START Stored data
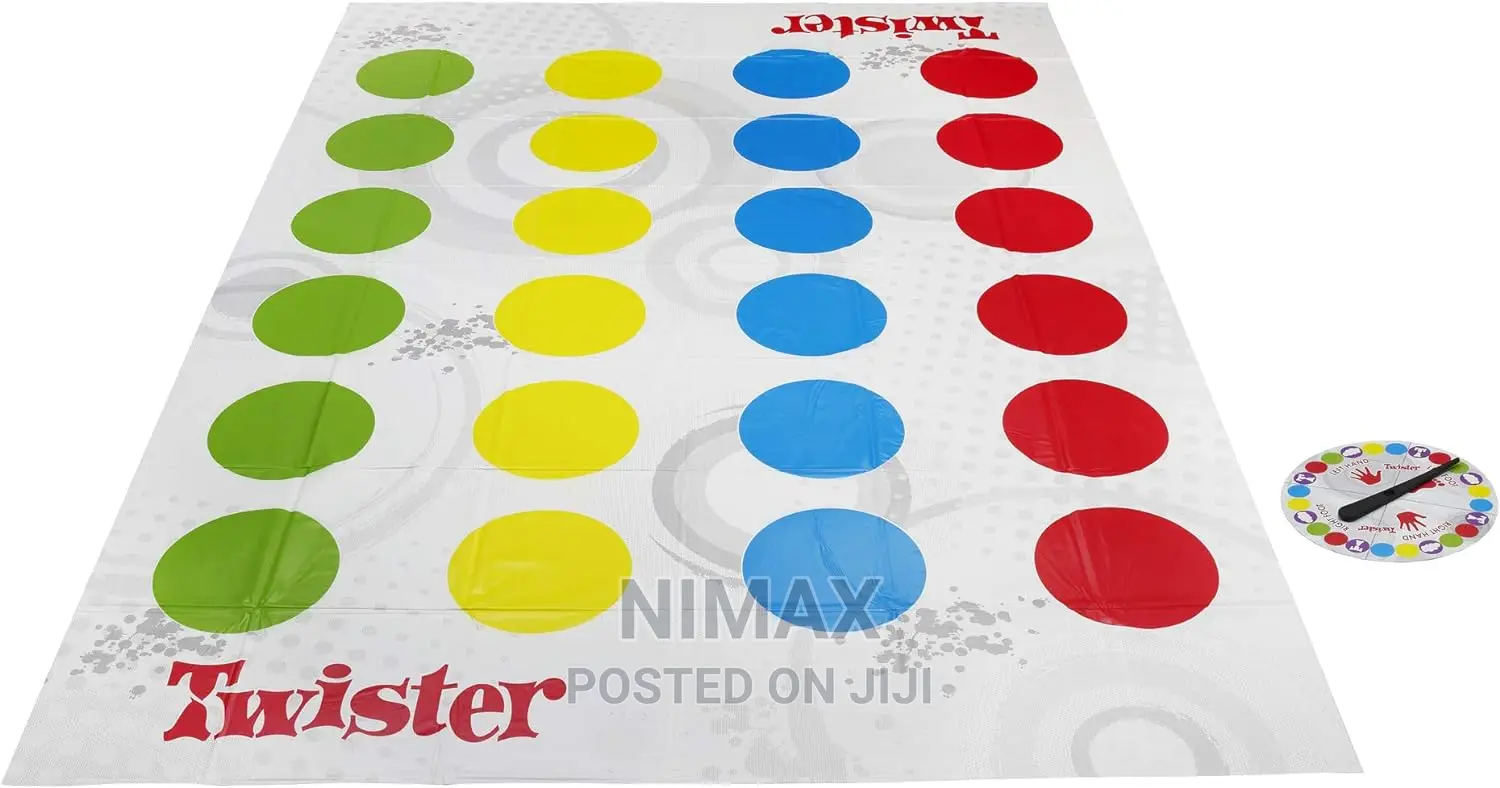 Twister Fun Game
END Stored data
START Stored data
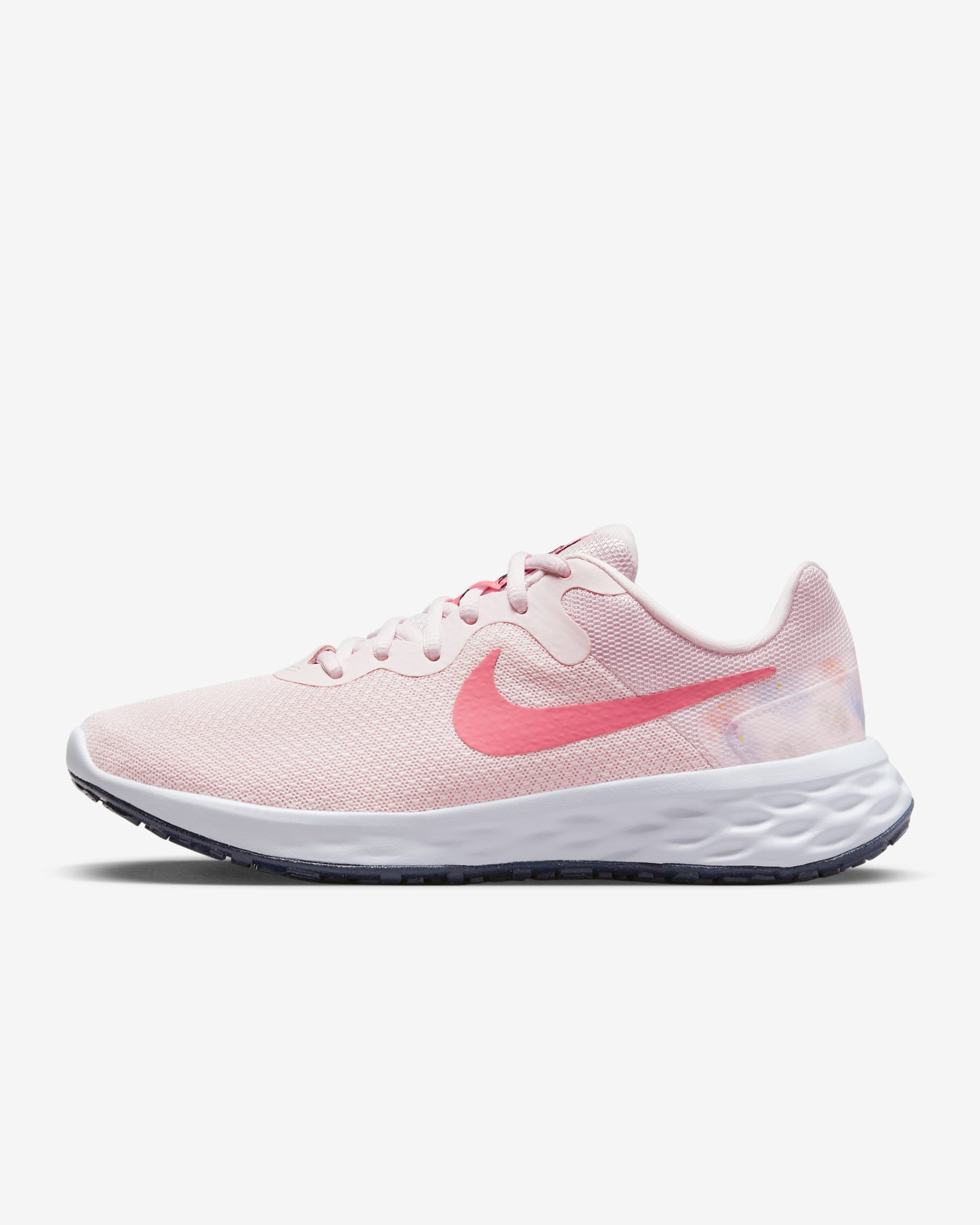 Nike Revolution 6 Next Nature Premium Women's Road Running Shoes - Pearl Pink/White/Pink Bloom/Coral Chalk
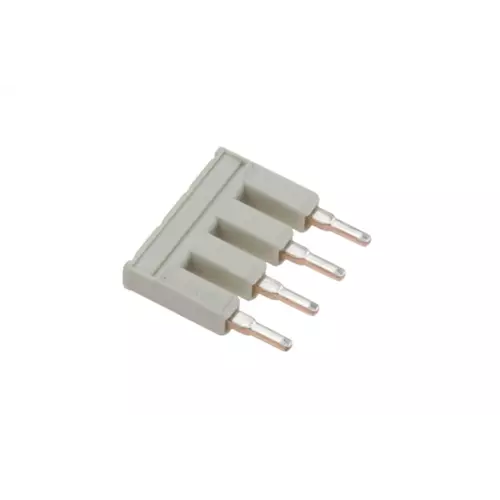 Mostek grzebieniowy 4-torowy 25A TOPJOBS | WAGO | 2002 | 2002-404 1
END Stored data
> [Exercise] Write out again exactly the lines above from the one with "Nike Revolution 6" through the one with "Mostek grzebieniowy 4-torowy", adding no other lines and no pictures.

> [Exercise result]
 Nike Revolution 6 Next Nature Premium Women's Road Running Shoes - Pearl Pink/White/Pink Bloom/Coral Chalk
 Mostek grzebieniowy 4-torowy 25A TOPJOBS | WAGO | 2002 | 2002-404 1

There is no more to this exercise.